In situ hybridization was used to assess the expression pattern of SDF1 mRNA. A) Low power and (B) high power photomicrograph of basal expression of SDF1 mRNA was observed in the lumbar DRG from saline injected rats, mainly in non-neuronal cells (small, densely stained cells). After a single injection of ddC, the level of SDF1 mRNA expression increased at post-injection day (PID) -7 (C, low power magnification; D, high power magnification) and PID14 days (E, low power magnification; F, high power magnification). Most of the expression appeared to be in non-neuronal cells, however some neurons were also positively labeled. (Arrows, glia positive for SDF1 mRNA; arrowheads, neurons positive for SDF1 mRNA). Scale bar A, C and E is 100 μm; B, D and F is 50 μm (n = 4 for each time point).

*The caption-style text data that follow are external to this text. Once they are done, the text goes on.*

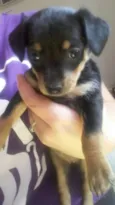 Princesa e Zeus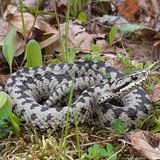 Schlange mit dunklem Zickzackmuster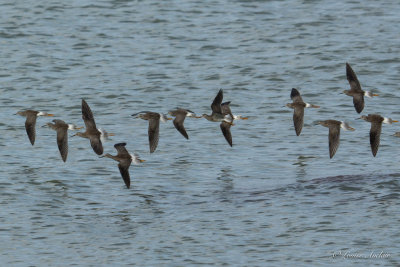 Petit Chevalier - Lesser Yellowlegs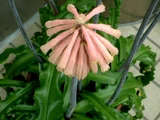 仙火花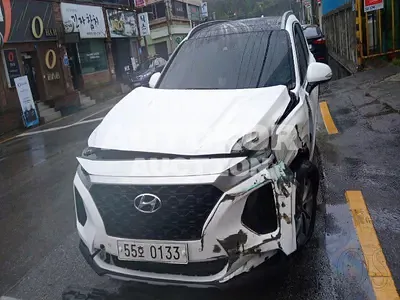 2019, Hyundai / Santa FE, VIN: KMHS281BBKU163646, diesel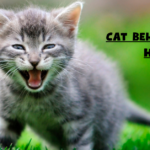 Cat Behaviour in Heat: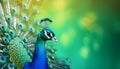 Photorealistic peacock on blurred green background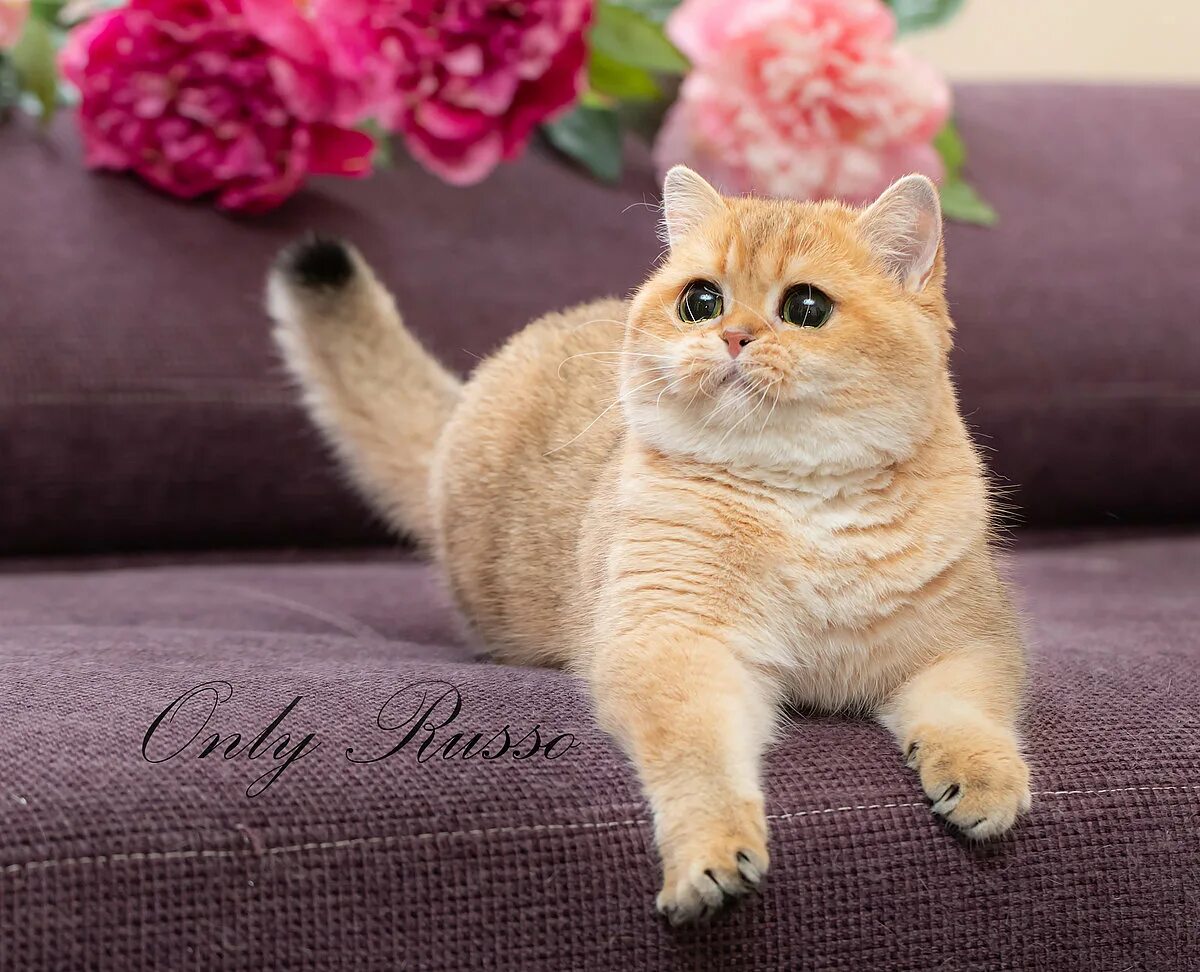 Золотистая шиншилла британская. Британский кот золотая шиншилла. Кот золотая шиншилла. Британская золотая шиншилла. Кот золотая шиншилла.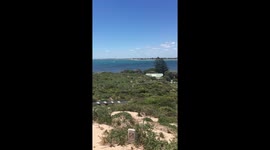 Pelicans flying over Penguin Island, Western Australia
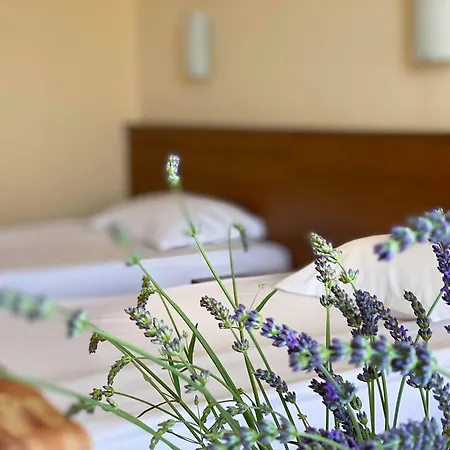 酒店 普拉梅娜宫酒店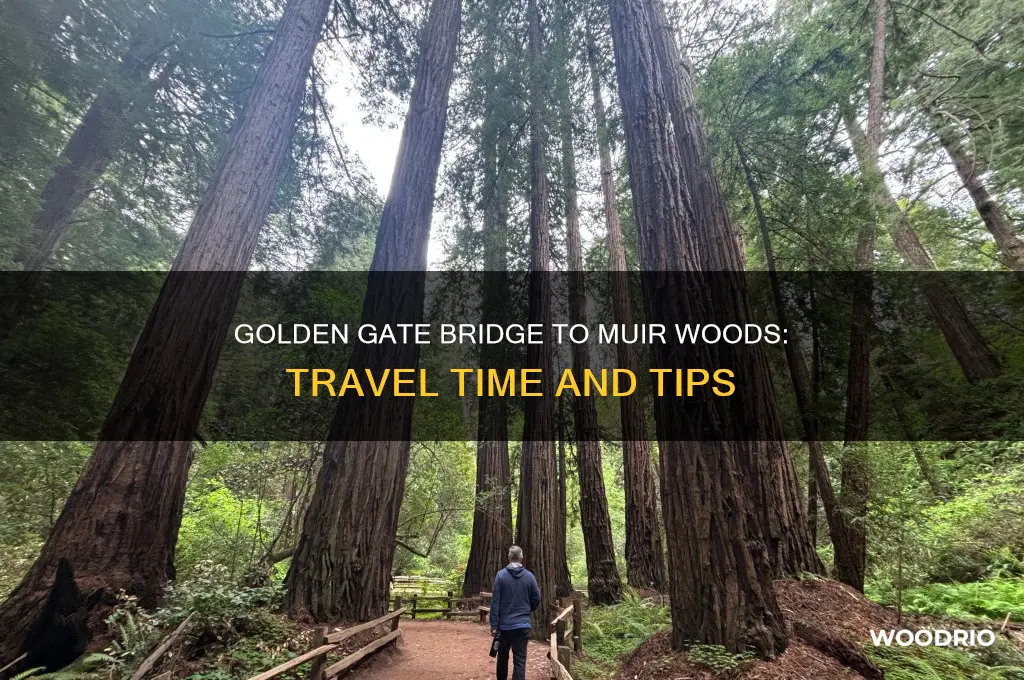 how long from golden gate bridge to muir woods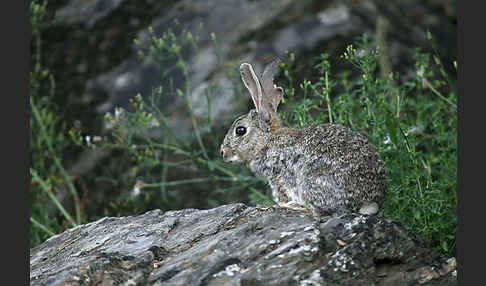 Wildkaninchen (Oryctolagus cuniculus)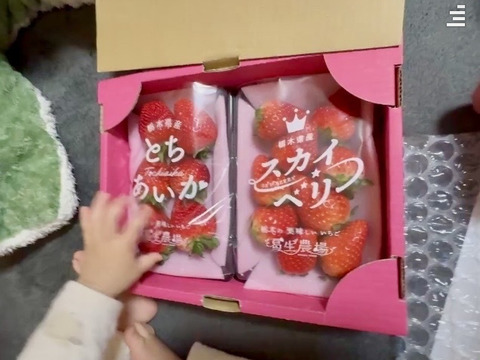 摘みたて直送！大粒！厳選 スカイベリー、とちあいか（2パック）【いちご食べ比べ】
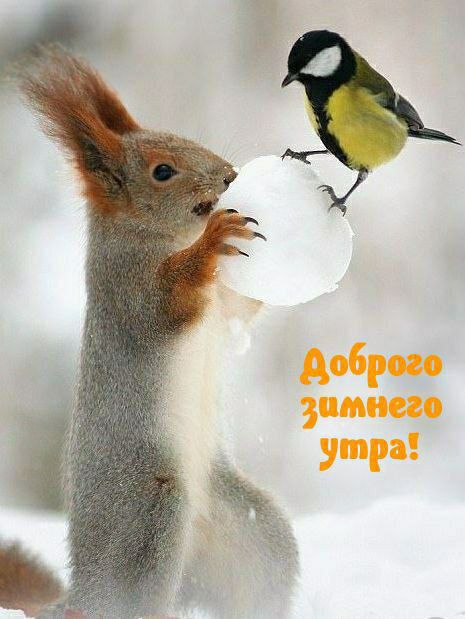 Доброго зимнего утра!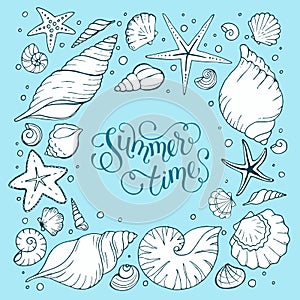 Sea shells illustration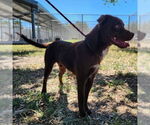 Small #2 Chesapeake Bay Retriever Mix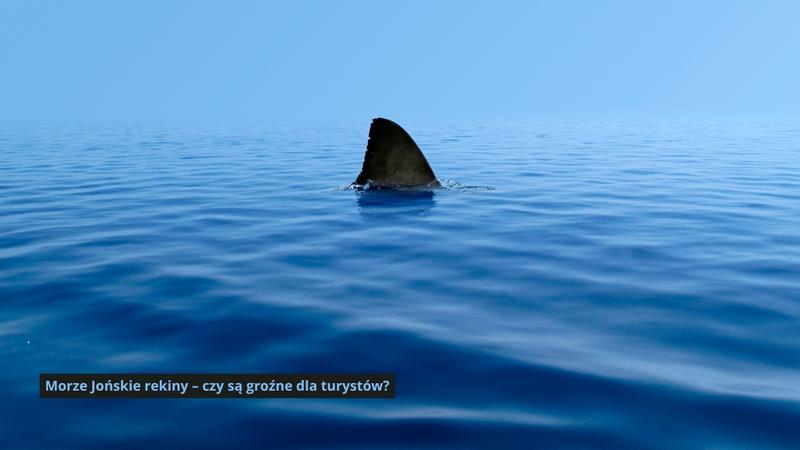Rekiny w Morzu Jońskim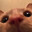 lil cat avatar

Figure 5. SDF1 increases [Ca2+]i levels in DRG cells following ddC administration

Examples of [Ca2+]i responses of cells acutely isolated from rat DRG at 7 and 14 days post-ddC injection. A) Under normal conditions, neuronal cells (capsaicin and/or K+ sensitive) were generally unresponsive to SDF1 (100nM) application. At post-ddC injection day 7 (PID7), the number of cells responding to SDF1 application increased (see table 1). Some of those responding cells were classified as neurons (B), while most responding to SDF1 application were classified as glial cells (capsaicin,K+ insensitive,ATP sensitive) (C and D) The percentage of cells responding to SDF1 at PID 14 also increased (see table 1 and D). For all experiments, MCP1 (100nM) was also applied. The percentage of cells responding to MCP-1 did not change (see table 1) [MCP-1 (M), SDF-1(S), Capsaicin (C), high K (K) and ATP (A)].

Figure 6. The effect of the CXCR4 antagonist, AMD3100, on ddC-induced neuropathic pain

After the induction of neuropathic pain using ddC, AMD3100 was administered and bilateral pain behavior was assessed using the Von-Frey filament test. Behavior was tested at 1, 4 and 24 hours after the administration of AMD3100 (5mg/kg) on post-injection day (PID) -7 and PID14. Following a single injection of ddC, the bilateral paw withdrawal threshold required to elicit a response was significantly reduced at post-injection PID 6 and PID13 compared to vehicle-treated rats (n=6;*p<0.001). Following administration of AMD3100 on PID7 and again at PID14, bilateral paw withdrawal thresholds increased to pre-ddC levels and attenuation of nociceptive behavior lasted for at least 4 hours. Twenty-four hours after AMD3100 treatment, paw withdrawal threshold levels did not differ from PID6 or PID13.